“True Hollywood Noir” Indeed

October 18, 2013 § 1 Comment

True Hollywood Noir034
Those interested in old Hollywood and/or true crime will find Dina Di Mambro’s True Hollywood Noir: Filmland Mysteries and Murders (Classichollywoodbios.com Publications) a worthy addition to their library. Although the topics–mysterious deaths, from Silent Era director William Desmond Taylor’s to Natalie Wood’s–have been explored many times before, Di Mambro’s exhaustive research and attention to detail set her book apart from the rest.

William Desmond Taylor’s murder–notoriously unsolved since 1922–provides a good example of her technique. After describing the crime scene–“once he was turned over, it was evident that he was lying in a pool of blood…shot once in the back”–Di Mambro painstakingly describes the possible suspects, as well as those who obstructed justice. The list is mind-boggling: Paramount Studios, the LAPD, the actress Mary Miles Minter and her mother Charlotte Shelby, his “sociopath” houseman Edward Sands, the actress/prostitute Margaret Gibson, his younger brother Denis Deane-Turner, a professional hit man. (No wonder the crime remains unsolved.) In sifting through the various theories, Di Mambro makes a good case for Margaret Gibson, who after changing her name to Pat Lewis twice confessed to the murder, the second time on her deathbed.

Other chapters shed new light on old crimes as well. I had always thought Thelma Todd’s death–her body was found in her car, in the garage of her Pacific Coast Highway house/restaurant–was a murder, possibly mob-related. Di Mambro makes a good case for accidental death by carbon monoxide poisoning, possibly abetted or covered up by Todd’s on-again, off-again lover, the director Roland West. As with Taylor’s murder, the case was muddied by a studio cover-up–in this case Hal Roach’s decision “that letting the matter go was in the best interest of his studio and the film industry as a whole.”

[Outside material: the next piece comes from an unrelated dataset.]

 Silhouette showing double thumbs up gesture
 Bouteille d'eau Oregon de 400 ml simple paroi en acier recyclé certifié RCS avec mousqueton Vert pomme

More recent cases–Natalie Wood’s, Bob Crane’s and Robert Blake”s–are not only thoroughly reviewed but updated. After a new inquest into Wood’s 1981 drowning, Di Mambro notes the actress’s death certificate was amended from “accidental drowning” to “drowning and other undetermined factors.” She adds a welcome familial angle to Bob Crane’s sordid 1978 murder by noting that the 2001 biographical film “Auto Focus” sparked a fight between his two sons (from different marriages) over Crane’s portrayal. The murder of Robert Blake’s wife Bonny Lee Bakley–in which Blake was found not guilty, though he subsequently lost a civil case–contains a poignant transcript. Blake and Bakley’s teenaged daughter, adopted and raised by Blake’s older daughter Delinah, no longer has contact with her father “because Delinah thought it was better that way.”

Not being a true crime fan, I sometimes felt overwhelmed by this litany of untimely deaths, whether accidental or homicidal. Yet I enjoyed the book’s unexpected theme: that fame, however big or resilient, is no match for the Grim Reaper, whose Hollywood work is some of his grimmest. Those who relish such tales will love True Hollywood Noir.